In particular, FPACK supports noise-sensitive scaling of floating point data to achieve high compression ratios while preserving the scientific content of data. Similar sigma-scaling benefits have been widely discussed recently, for example for the JDEM mission (http://arxiv.org/pdf/0910.4571) and by the Astrometry.net project (http://arxiv.org/pdf/0910.2375). The remarkable results from the Kepler mission rely on noise-scaled data (http://arxiv.org/pdf/1001.0216, section 3.2). To this, FPACK adds the beneficial feature of subtractive dithering (http://www.adass2009.jp/poster/files/PenceWilliam.pdf).
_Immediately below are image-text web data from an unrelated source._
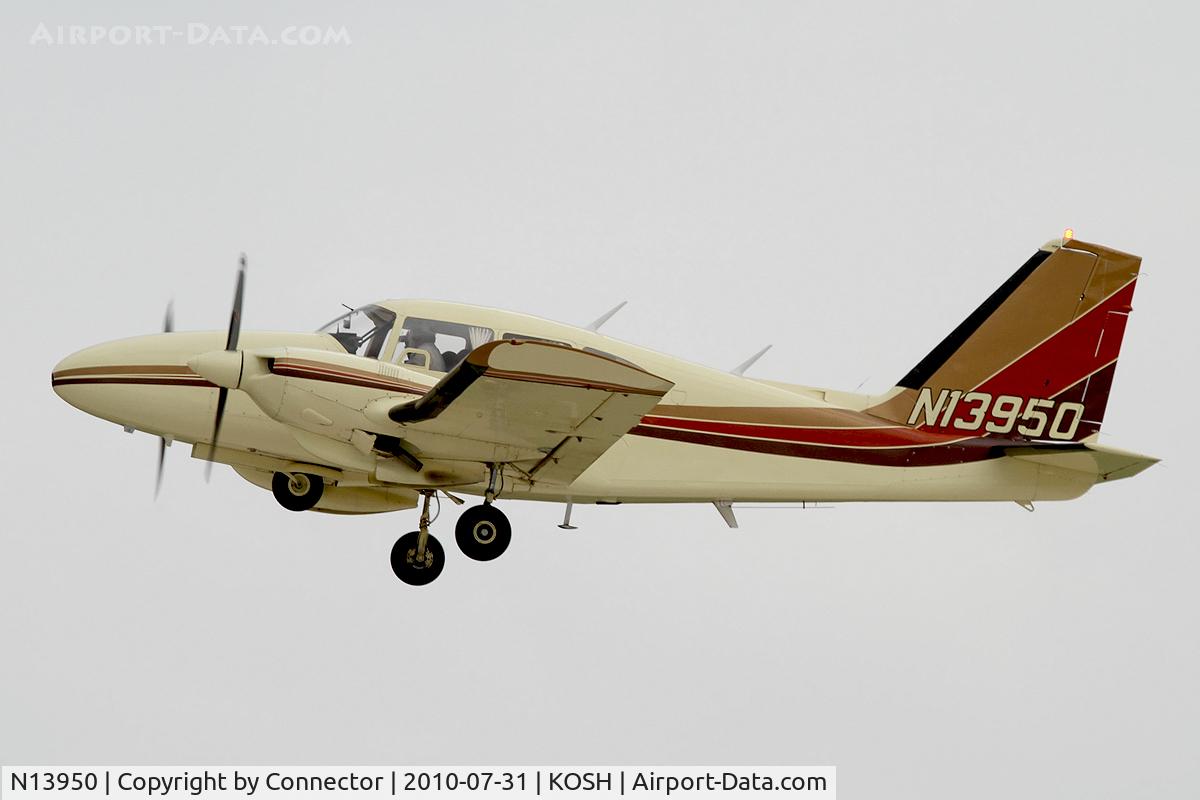 N13950, 1970 Piper PA-23-250 Aztec C/N 27-4567, EAA Airventure 2010.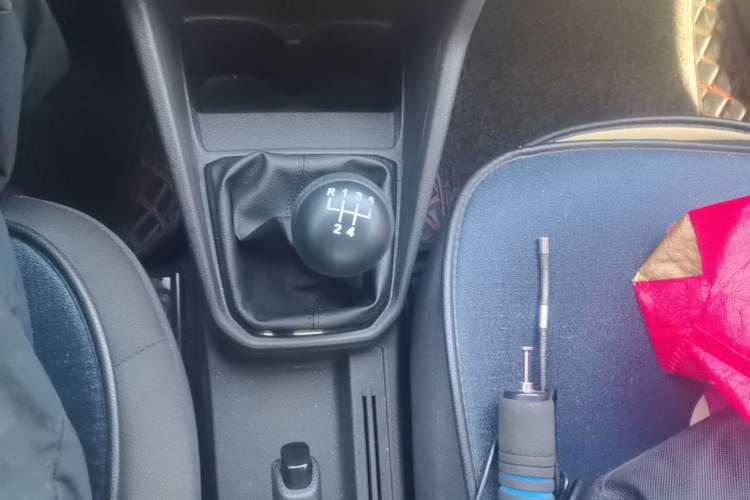 Used Volkswagen Jetta 2017 1.4L Manual Fashion Edition Gear Lever
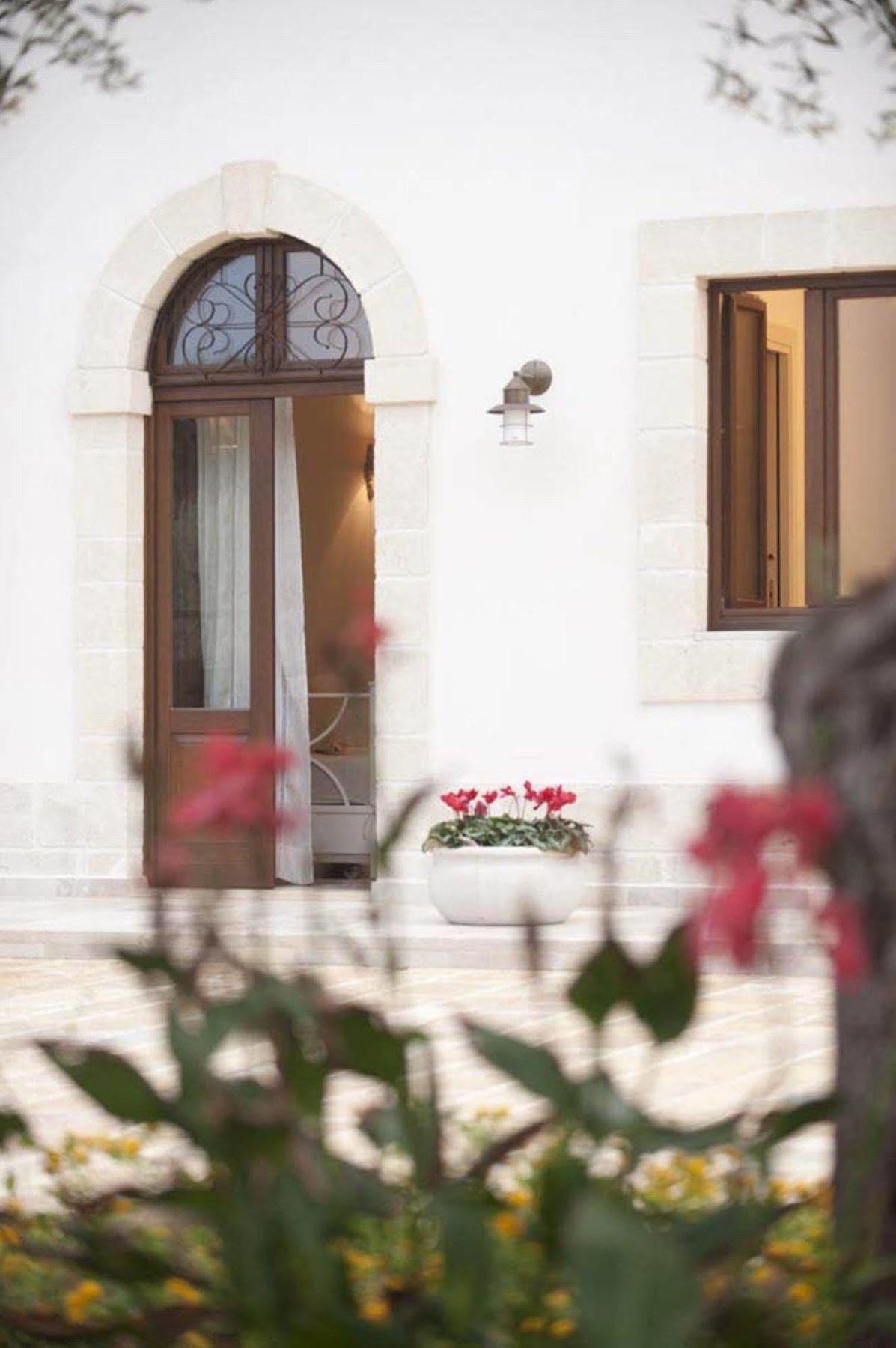 Donna Lucrezia Guest House Pezze Di Greco Ngoại thất bức ảnh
This has been a dense article even with several features and references omitted (eg., a truly gripping discussion of integrated FITS checksum support). Even so, I hope I have conveyed some of my personal excitement over the galvanizing opportunities facing astronomical data compression. This is a transformative technology that will be key to meeting the aggressive data handling requirements for near future projects relying on rapid-readout gigapixel cameras such as the Dark Energy Survey, the WIYN One Degree Imager, and the Large Synoptic Survey Telescope. The soul of data compression is not the static storage of data, but rather the dynamic optimization of throughput throughout Observatory data flow and the community O/IR System.